(c) Pester Lloyd / 49 - 2009
BUDAPEST 30.11.2009
Luxustölpel in wilder Minze
Understatement in der Krisenhauptstadt: "Fine Living Expo" Budapest
Es treffen sich die Ausstatter einer traurigen, wenn auch noch mächtigen Unterschicht. Leute, die sich zwar teuer kleiden und aufwendig leben, ihre
Pferdefüße in noblen Karossen verbergen, sich aber mühsam auf ihre geistigen Bettelstäbe stützen müssen, wenn sie ihre diskreten Habitate einmal verlassen.
Auf einer Budapester Luxusmesse trifft man nicht mal die Teufelsbrut selbst, nur ihre lächerlichen Epigonen. Also schießen wir mit Kanonen auf gerupfte Nebelkrähen, Hauptsache man trifft.
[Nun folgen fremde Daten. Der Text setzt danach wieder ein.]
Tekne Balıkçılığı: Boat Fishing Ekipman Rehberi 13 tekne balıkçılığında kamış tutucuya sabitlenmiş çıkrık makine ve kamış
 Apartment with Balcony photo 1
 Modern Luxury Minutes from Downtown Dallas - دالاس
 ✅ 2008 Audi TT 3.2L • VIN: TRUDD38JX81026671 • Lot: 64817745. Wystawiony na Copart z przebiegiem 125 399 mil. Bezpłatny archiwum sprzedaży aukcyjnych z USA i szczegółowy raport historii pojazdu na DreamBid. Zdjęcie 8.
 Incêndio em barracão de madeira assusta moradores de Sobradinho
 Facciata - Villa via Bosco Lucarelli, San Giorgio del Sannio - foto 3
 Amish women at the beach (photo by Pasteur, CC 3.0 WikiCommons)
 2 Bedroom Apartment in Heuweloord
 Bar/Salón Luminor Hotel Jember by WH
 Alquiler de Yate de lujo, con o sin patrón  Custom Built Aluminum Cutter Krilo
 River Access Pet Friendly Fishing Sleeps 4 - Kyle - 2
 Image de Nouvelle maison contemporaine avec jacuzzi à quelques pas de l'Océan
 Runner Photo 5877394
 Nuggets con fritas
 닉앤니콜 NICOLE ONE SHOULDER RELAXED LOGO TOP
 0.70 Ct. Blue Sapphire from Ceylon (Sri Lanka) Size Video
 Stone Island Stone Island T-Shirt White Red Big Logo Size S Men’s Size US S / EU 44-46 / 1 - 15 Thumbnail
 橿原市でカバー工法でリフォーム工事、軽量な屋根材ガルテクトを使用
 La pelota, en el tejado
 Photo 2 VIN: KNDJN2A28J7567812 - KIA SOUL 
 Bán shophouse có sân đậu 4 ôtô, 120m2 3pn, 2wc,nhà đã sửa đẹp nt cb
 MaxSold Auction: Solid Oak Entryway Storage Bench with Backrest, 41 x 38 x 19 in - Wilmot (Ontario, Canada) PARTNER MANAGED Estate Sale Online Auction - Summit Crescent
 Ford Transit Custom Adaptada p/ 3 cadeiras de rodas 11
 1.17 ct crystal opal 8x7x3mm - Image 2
Die Vorstellung einer Luxusmesse mag in Zeiten einer Krise und vor allem im
besonders gebeutelten Ungarn nicht nur ein wenig anachronistisch, sondern regelrecht pervers anmuten. Doch die Aussteller retten sich nicht zuletzt mit dem
Argument in die dreitägige Sause, dass der Luxus der Einen Arbeitsplätze für die Anderen schafft und sei es zur Zeit auch mehr durch Messen als Verkäufe. Luxus ist
schließlich auch nur eine Industrie. Und da Boni wieder gezahlt werden, in Ungarn sogar die "Manager" ausgelaugter Verkehrsbetriebe fürstliche Abfindungen erhalten
und die wirklich Reichen sowieso immer reich bleiben, findet auch die Fine Living Expo vom 4. bis 6. Dezember ihre Kundschaft. Auf einem Forum sollen in- und
ausländische Trends behandelt werden und wie man die Messages an die Kundschaft und (richtig) in die Medien bekommt. Zumindest bei letztem besteht akuter
Nachholbedarf, wie Sie lesen. Aber auch die Messe selbst, ist eher ein harmloses Stelldichein heimischer “Edel-”-Marken und kleiner Vertreter großer ausländischer
Häuser. Ein bisschen Golf hier, ein wenig Beauty farm hier, dazwischen ein Single Malt, was solls.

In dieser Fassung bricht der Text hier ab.